On 6th June the indoor writer was invited to attend the prize giving ceremony for the Steyning Festival Short Story Competition. Her short story had reached the final three and the awards would be announced and given out during the event. Below she shares her special day...
It was a day of sunshine and showers, but the South Downs gleamed lush and green as we drove up the mile long driveway to Wiston House. I'd been invited, plus guest, to the Steyning Festival Short Story Award luncheon and had no idea where in the top three slots my story had come. Wiston House (a sixteenth century Grade 1 listed building) sits in the shadow of Chanctonbury Ring (see photo above right) amongst 6,000 acres of parkland. The magnificent house (see photo above left) is owned by the Goring family and is now a conference/wedding/events centre. It is home to the Wilton Park conference organisation, which was first created in 1946, inspired by Winston Churchill, to help re-establish peace and democracy in Europe after WWII.
At 11.30am we were ushered into chair-filled room for the reading of the winning stories. Sara Bowers (owner of Steyning Bookshop) led the proceedings and local novelists read the stories. The children's competition entries were read first and the prizes awarded. The two stories were of an exceptionally high standard - clearly writers of the future. Sara explained that the competition judge Simon Brett, acclaimed crime novelist, scriptwriter (he wrote the 'After Henry' radio series) and patron of West Sussex Writers, had read ALL the entries himself before selecting the top 3 and 2 highly commended. An admirable feat for any writing competition judge!

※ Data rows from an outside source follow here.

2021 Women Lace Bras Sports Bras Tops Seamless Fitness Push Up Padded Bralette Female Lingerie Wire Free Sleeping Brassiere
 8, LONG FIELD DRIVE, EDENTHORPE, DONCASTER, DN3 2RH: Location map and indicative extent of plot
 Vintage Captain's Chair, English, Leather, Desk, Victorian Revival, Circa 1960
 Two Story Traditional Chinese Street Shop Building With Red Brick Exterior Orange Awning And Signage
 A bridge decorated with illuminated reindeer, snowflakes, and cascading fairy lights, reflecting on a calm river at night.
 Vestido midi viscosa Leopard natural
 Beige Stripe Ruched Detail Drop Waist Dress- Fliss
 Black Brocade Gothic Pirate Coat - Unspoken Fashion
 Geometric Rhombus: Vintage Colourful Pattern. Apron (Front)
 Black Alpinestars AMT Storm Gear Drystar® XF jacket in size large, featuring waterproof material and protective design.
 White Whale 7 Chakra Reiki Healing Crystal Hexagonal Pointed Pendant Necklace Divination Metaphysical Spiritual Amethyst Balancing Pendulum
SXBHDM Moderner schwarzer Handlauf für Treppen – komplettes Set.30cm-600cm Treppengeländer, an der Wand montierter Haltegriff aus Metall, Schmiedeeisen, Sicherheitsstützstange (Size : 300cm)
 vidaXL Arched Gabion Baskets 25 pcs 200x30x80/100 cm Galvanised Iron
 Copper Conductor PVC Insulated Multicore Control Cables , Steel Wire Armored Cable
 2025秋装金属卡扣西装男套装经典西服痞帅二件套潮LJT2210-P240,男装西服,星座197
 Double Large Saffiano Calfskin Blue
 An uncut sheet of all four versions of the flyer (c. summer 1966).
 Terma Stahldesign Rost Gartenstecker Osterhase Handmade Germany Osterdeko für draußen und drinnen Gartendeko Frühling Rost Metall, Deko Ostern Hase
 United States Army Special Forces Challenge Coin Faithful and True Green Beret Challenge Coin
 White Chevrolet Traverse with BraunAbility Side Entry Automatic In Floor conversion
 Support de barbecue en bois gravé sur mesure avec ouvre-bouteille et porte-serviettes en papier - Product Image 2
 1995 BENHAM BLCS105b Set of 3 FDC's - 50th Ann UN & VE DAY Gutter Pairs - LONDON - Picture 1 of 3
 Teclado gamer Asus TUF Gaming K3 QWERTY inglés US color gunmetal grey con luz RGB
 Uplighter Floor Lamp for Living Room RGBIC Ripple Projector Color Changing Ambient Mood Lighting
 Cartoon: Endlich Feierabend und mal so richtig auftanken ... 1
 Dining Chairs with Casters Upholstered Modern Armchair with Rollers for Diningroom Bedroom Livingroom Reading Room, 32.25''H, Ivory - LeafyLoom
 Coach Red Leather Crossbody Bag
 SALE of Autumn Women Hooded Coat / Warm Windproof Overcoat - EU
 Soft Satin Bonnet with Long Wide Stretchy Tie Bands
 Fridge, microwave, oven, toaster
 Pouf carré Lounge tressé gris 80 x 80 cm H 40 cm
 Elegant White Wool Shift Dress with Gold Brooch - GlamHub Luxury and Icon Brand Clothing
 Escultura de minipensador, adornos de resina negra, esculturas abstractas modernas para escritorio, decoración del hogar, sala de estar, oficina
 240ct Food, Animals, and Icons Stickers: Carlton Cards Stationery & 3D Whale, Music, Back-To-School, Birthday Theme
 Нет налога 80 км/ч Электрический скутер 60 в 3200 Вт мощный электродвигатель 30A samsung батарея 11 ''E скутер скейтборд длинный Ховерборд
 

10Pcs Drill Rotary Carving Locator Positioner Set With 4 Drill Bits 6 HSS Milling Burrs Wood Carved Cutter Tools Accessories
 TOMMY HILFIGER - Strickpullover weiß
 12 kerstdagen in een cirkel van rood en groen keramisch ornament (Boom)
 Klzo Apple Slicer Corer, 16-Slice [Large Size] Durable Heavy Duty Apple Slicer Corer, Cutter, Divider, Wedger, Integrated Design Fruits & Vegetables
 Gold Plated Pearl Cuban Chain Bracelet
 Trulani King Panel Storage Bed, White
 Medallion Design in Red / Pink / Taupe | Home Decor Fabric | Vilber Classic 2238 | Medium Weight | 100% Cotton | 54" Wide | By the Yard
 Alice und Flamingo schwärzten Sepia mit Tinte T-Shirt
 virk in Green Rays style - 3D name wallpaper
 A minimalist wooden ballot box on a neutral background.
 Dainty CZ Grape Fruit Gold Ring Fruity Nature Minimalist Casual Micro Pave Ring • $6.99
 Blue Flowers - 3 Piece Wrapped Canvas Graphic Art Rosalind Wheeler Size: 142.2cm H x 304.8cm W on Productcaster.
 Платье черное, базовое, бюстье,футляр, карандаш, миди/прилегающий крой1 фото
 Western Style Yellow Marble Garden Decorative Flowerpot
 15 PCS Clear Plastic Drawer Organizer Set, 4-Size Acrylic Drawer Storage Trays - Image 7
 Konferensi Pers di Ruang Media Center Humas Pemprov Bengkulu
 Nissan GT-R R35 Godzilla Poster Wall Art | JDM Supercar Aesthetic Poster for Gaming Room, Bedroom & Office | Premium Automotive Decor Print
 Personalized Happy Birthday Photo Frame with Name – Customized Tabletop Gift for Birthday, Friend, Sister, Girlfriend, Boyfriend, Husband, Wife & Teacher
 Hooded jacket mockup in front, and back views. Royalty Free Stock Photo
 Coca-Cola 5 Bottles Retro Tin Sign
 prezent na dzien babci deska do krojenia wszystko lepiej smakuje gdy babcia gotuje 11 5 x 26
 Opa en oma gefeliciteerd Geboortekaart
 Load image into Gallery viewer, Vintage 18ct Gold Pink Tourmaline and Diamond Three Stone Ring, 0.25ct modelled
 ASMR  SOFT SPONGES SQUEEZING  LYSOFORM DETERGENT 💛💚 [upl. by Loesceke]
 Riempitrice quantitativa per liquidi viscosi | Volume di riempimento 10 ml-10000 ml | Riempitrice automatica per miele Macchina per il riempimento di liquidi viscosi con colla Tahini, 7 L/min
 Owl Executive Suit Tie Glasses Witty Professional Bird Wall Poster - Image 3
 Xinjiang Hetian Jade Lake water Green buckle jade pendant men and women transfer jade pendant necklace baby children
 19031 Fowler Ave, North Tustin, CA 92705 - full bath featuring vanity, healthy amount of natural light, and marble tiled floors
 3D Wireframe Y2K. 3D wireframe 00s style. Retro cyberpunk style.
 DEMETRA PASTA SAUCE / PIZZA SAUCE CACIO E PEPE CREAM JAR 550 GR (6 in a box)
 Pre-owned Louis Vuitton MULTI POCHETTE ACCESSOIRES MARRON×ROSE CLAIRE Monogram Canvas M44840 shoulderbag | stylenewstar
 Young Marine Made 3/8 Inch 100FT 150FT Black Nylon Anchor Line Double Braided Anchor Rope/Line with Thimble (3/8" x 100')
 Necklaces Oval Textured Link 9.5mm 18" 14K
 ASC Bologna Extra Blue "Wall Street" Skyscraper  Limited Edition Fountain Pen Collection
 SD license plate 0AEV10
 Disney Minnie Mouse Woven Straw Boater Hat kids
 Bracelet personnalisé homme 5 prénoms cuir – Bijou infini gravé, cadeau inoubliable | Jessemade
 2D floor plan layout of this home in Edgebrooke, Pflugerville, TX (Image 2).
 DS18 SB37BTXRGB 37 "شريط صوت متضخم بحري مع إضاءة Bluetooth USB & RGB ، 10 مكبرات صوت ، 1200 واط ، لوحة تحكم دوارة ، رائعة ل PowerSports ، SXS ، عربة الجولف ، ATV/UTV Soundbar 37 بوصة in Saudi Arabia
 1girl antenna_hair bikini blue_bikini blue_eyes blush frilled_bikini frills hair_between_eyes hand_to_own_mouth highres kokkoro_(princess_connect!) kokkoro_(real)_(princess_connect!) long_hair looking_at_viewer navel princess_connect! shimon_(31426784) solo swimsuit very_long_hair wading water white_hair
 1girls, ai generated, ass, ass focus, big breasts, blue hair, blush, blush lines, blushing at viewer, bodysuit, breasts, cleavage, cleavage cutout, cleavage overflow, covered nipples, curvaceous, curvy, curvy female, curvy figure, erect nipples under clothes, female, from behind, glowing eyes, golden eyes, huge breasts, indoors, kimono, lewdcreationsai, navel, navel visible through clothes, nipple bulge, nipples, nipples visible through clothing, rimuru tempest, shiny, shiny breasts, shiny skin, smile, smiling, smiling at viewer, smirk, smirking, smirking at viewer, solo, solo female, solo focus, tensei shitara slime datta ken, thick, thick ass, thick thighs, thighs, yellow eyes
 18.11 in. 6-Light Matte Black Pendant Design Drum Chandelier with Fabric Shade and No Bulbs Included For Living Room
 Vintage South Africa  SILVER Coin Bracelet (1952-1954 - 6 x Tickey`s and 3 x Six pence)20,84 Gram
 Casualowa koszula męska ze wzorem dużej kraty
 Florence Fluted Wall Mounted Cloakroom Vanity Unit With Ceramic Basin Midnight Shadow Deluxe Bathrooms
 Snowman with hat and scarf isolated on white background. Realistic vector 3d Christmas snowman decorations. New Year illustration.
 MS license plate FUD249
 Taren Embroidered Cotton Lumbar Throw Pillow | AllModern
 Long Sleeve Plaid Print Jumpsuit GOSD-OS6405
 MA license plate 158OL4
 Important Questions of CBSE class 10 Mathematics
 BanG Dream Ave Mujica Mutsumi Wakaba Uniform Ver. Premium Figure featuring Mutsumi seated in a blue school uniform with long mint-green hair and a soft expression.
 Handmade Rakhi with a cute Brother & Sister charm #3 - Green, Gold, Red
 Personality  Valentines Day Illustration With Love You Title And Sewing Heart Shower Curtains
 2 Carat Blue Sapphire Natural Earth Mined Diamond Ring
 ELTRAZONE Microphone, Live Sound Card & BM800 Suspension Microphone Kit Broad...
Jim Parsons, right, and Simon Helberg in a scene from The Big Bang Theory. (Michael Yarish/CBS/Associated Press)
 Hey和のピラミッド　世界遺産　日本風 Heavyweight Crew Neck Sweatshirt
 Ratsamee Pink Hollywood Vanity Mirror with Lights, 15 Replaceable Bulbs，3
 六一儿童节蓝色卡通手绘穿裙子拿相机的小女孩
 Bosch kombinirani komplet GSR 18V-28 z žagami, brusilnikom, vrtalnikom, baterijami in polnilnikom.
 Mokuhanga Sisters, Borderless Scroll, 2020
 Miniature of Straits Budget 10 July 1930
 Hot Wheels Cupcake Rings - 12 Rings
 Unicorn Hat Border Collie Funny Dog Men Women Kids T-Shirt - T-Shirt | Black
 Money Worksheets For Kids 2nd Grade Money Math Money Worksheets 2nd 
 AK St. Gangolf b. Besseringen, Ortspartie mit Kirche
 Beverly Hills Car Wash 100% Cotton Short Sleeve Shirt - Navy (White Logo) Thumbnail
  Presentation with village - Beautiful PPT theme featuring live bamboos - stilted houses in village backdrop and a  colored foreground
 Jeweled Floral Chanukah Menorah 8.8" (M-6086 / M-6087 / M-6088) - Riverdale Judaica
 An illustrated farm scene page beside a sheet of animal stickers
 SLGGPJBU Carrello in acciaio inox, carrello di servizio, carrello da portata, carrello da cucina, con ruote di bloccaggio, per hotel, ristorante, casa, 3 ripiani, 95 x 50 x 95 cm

The three stories were then read out - and still we didn't know the placing. Brighton crime novelist Elly Griffiths read my entry. It was both enthralling and deeply embarrassing to hear the words I'd written read aloud by a professional - even though nobody around us knew I was the author. As I listened to her reading it really didn't seem like my story at all, it was transformed. All of the room listened quietly and their applause seemed to show pleasure, but as it was my creation I couldn't detach myself sufficiently from the experience to judge. This was such a powerful and wonderful moment that I wish I could replay it over and over (particularly when another rejection pings into my mail box).
The whole day was a delightful treat and a memory I shall treasure for a long, long time. The prize is the biggest I've won to date and I still haven't decided what to spend the money on.